Temporal Precision@K measures the fraction of top-K retrieved documents that are temporally relevant to the query. A document is considered temporally relevant if its Document Focus Time (DFT) overlaps with the Query Focus Time (QFT).

Formula

\[ \text{TemporalPrecision@K} = \frac{|\{d \in D_K : \text{rel}(d, q) = 1\}|}{K} \]

Where:

  • \(D_K\) = set of top-K retrieved documents
  • \(\text{rel}(d, q) = 1\) if \(|QFT \cap DFT_d| > 0\), otherwise 0
  • \(QFT\) = Query Focus Time (set of years)
  • \(DFT_d\) = Document Focus Time for document \(d\)

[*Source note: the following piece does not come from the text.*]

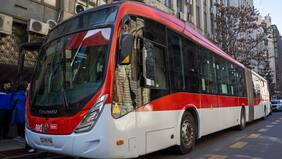 Nueva ley prohíbe a condenados por delitos sexuales obtener licencia profesional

In simple terms: What fraction of retrieved documents are from the right time period?

Inputs

  • query and retrieved_docs (LLM mode)
  • temporal_focus (LLM mode)
  • qft and dfts (Focus Time mode)
  • k (cutoff)

Output

  • Range: [0, 1], higher is better.

Prompt (LLM mode)

Judge if a retrieved document helps answer the TEMPORAL aspects of a query.

Query: "{query}"
Temporal Focus: {temporal_focus}

Document:
{document}

Question: Does this document provide information that DIRECTLY helps answer the temporal aspects of the query?

Guidelines:
- Verdict = 1 if document contains temporal information (dates, durations, time periods, temporal sequences)
- Verdict = 0 if document lacks temporal information even if generally relevant
- For "when" queries: document must mention specific times/dates
- For "how long" queries: document must mention durations/time periods
- For "recent" queries: document must mention recency or recent dates
- Be STRICT: generic facts without temporal markers are NOT temporally relevant

Respond ONLY with valid JSON:
{
    "temporal_expressions_found": ["list of temporal expressions found"],
    "relevance_to_query": "high|medium|low|none",
    "verdict": 1 or 0,
    "confidence": 0.0-1.0,
    "reason": "brief explanation"
}

Examples

Focus Time

from tempoeval.metrics import TemporalPrecision

metric = TemporalPrecision(use_focus_time=True)
score = metric.compute(qft={2020, 2021}, dfts=[{2020}, {2019}], k=2)

LLM

from tempoeval.metrics import TemporalPrecision

metric = TemporalPrecision()
metric.llm = llm
score = await metric.acompute(
    query="When did X happen?",
    retrieved_docs=["..."],
    temporal_focus="specific_time",
    k=5
)

Synchronous usage

Use compute(...) for sync calls and acompute(...) for async.